BEGIN Provided data
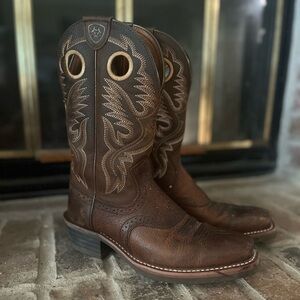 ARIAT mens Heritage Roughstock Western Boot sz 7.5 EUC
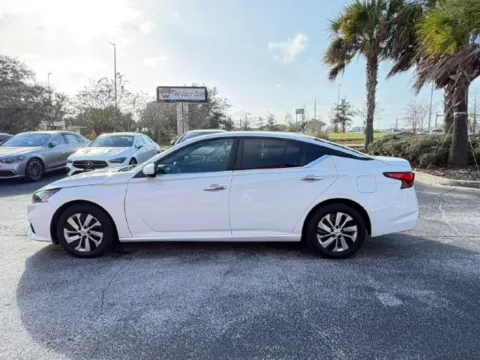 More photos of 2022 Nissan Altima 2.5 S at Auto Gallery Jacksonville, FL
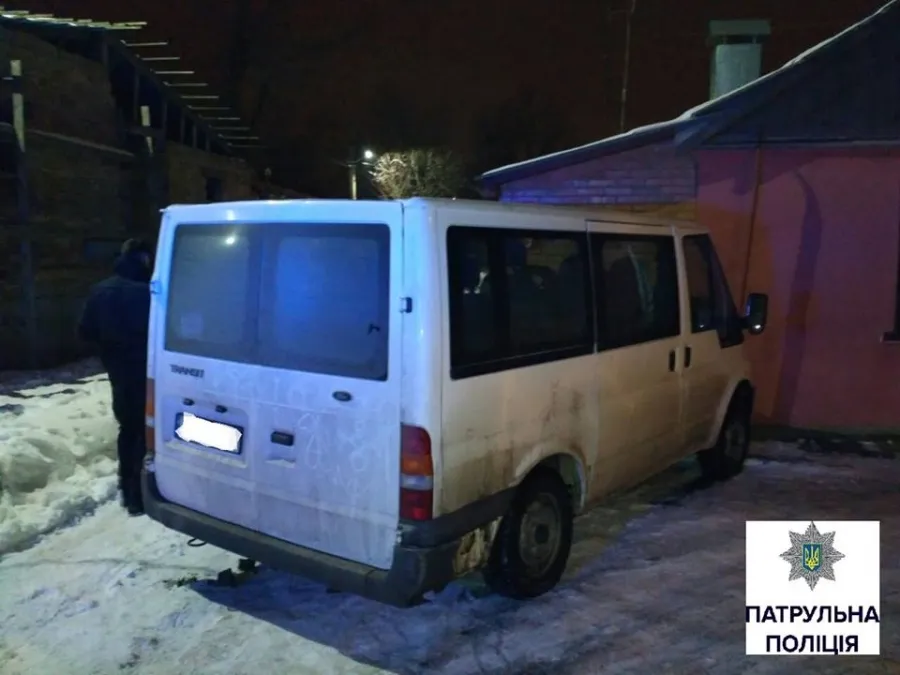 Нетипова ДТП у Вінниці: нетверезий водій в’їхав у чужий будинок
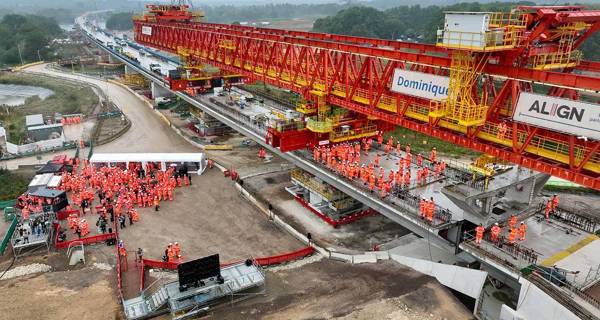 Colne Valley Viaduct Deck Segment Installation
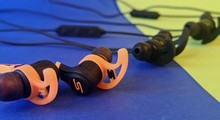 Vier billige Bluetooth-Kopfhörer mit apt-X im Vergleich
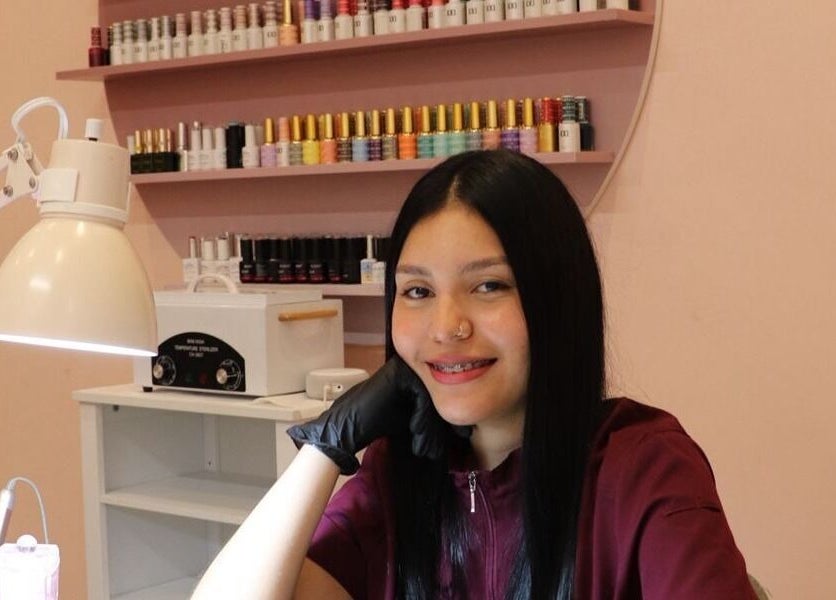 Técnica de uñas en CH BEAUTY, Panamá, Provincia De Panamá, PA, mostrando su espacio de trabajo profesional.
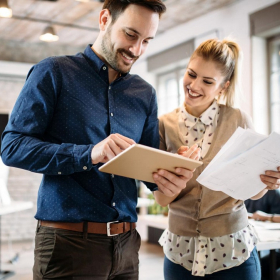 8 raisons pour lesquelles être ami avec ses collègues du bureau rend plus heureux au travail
END Provided data
BEGIN Provided data
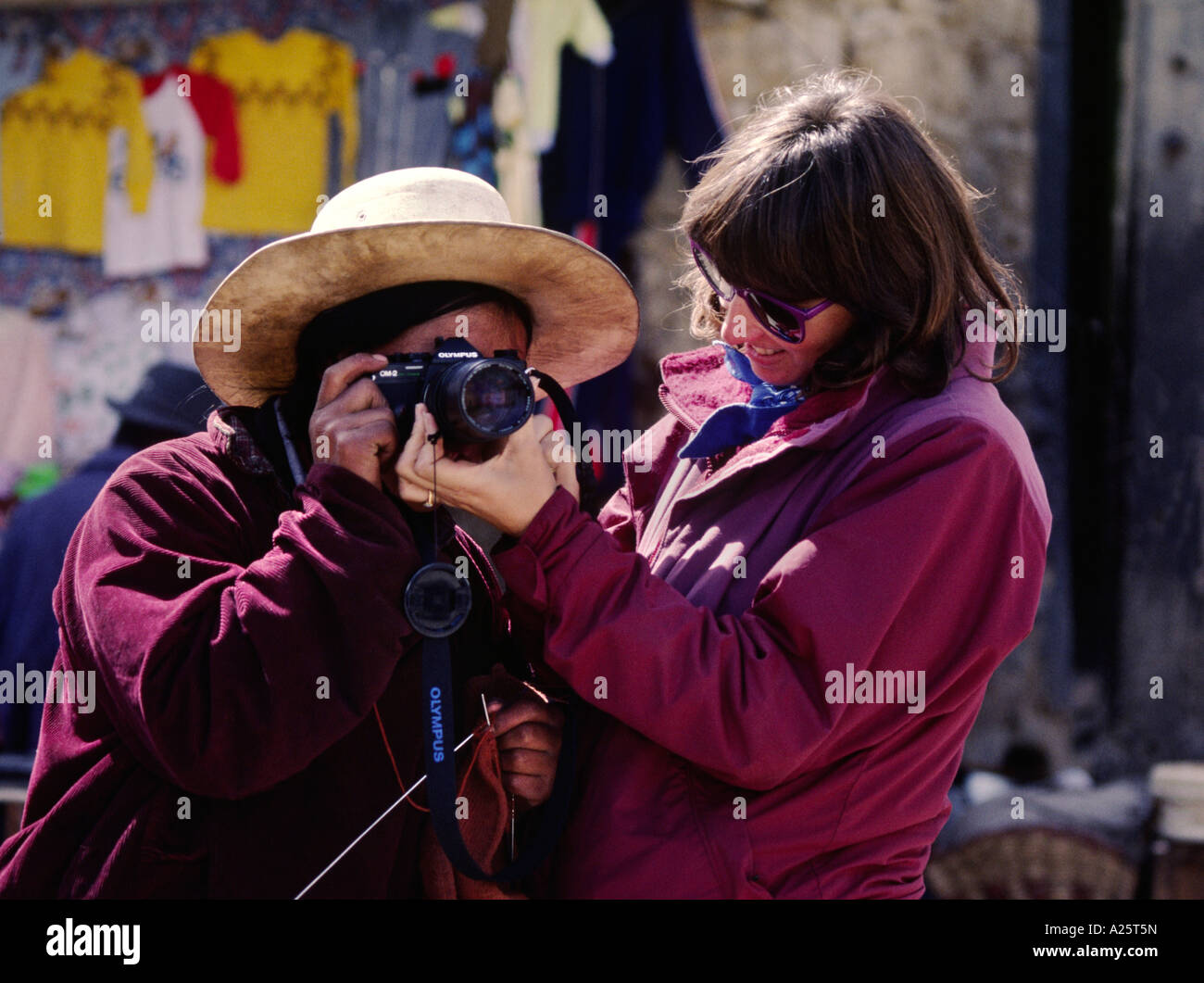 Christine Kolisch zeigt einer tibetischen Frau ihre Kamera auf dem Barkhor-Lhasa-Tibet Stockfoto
END Provided data
● **Task**: All that is wanted is the lines above between the one containing "Colne Valley Viaduct" and the one containing "8 raisons pour", inclusive, restated word for word, with pictures omitted.

● **Answer to this task**:
 Colne Valley Viaduct Deck Segment Installation
 Vier billige Bluetooth-Kopfhörer mit apt-X im Vergleich
 Técnica de uñas en CH BEAUTY, Panamá, Provincia De Panamá, PA, mostrando su espacio de trabajo profesional.
 8 raisons pour lesquelles être ami avec ses collègues du bureau rend plus heureux au travail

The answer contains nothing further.